Я, как мог, извинился – принес ему вязку бананов. Он сидел в прежней позе, постукивая ногой.

И тут я снова услышал эту музыку – совсем рядом, и пошел на звук.

Оказалось – еще ближе, за углом. Каждый день мы десятки раз проходили мимо этого ашрама, стоящего чуть особняком, как и наш, над рекой. Я вернулся за Ксенией.

Стоял и смотрел, зная, что не спит.

Она потянулась ко мне руками, не открывая глаз, и порывисто-плавно обвила, увлекая вниз, за собой.

Только зыбкая легкость ладоней ее – этот солнечный трепет в листве, и во рту этот морок тягучий ее языка, и коленей ее плавунки; и обвила, струясь, расплываясь, лиясь и сплетаясь в двух тел водяное веретено.

И потом – этот сдвоенный сполох, слепя и кривясь, расщепляющий тьму.

И бездонно дрожащий проем, осыпающий жар. И пустые уключины сердца.

Не обвила. Не потянулась. Зевнула. Открыла глаза и, чуть виновато в себя приходя, улыбнулась.

Мы сидели на ковриках в залитом солнцем ашраме; она на женской, я на мужской его половине, покачиваясь в такт мелодии. Точнее, раскачивался я, вместе с горящим рядом со мной садху – тучное пламя его одежд, над которым вилял дымный клубень его головы. В отличие от меня, стиснутого со всех сторон, Ксения сидела в жиденькой стайке женщин, в медитативной позе, прикрыв глаза. Прибывавшие пританцовывая пробирались к лубочному, лоснящемуся от просветленья

Кришне – двухметровому, шарообразному, беспробудно царящему на алтарном столе и, потрепав его по щеке или чмокнув в колено, рассаживались. Музыканты лепились в гуще со всеми, подъяривая друг друга, меняясь на ходу инструментами, голосами, входя в затяжной упоительный транс. То и дело один из инструментов они пускали по рукам над головами или кто-нибудь из дальних протискивался к ним, подсаживаясь к барабанам, микрофону или ситаре. Перед Ксенией, спиной к ней, сидела женщина, чей темный профиль с большим лошадиным глазом из-под платка, носом с тягучей горбинкой и тысячелетним ртом, однажды увиденный, втягивая, уже не отпускал от себя.

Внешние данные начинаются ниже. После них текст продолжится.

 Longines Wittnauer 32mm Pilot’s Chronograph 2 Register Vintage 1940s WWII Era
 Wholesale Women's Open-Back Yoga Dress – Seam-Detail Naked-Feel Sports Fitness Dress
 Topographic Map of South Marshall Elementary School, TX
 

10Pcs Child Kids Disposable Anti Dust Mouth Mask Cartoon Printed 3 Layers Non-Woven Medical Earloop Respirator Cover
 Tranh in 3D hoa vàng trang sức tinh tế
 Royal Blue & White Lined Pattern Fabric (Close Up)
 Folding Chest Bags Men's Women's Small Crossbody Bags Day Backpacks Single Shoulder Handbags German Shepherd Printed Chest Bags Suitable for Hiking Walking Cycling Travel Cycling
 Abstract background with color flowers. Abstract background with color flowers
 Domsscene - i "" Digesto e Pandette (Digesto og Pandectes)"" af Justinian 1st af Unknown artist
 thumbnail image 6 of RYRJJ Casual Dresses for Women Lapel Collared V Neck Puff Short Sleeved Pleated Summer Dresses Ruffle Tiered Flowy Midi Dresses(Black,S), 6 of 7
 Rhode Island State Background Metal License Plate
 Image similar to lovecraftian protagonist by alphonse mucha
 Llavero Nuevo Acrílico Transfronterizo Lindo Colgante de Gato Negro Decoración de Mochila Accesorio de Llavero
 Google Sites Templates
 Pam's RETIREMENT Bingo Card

И глядел неотрывно, и думал: вот она, здесь, неподвижно сидящая на полу – мать сырая земля. Дымный клубень качнулся ко мне и шепнул: после службы не уходи, перекусим, там будут кормить, – и указал пальцем в пол.

Спустившись в подполье, все рассаживались на ковровой дорожке вдоль стен. Кормчий с тачкой делал объезд по периметру, насыпая в невесомые тарелки из спрессованных листьев масленно-солнечные горки риса в родинках изюма.

За ним шел второй, разливавший чай с молоком, по сравненью с которым сахар – горькая редька.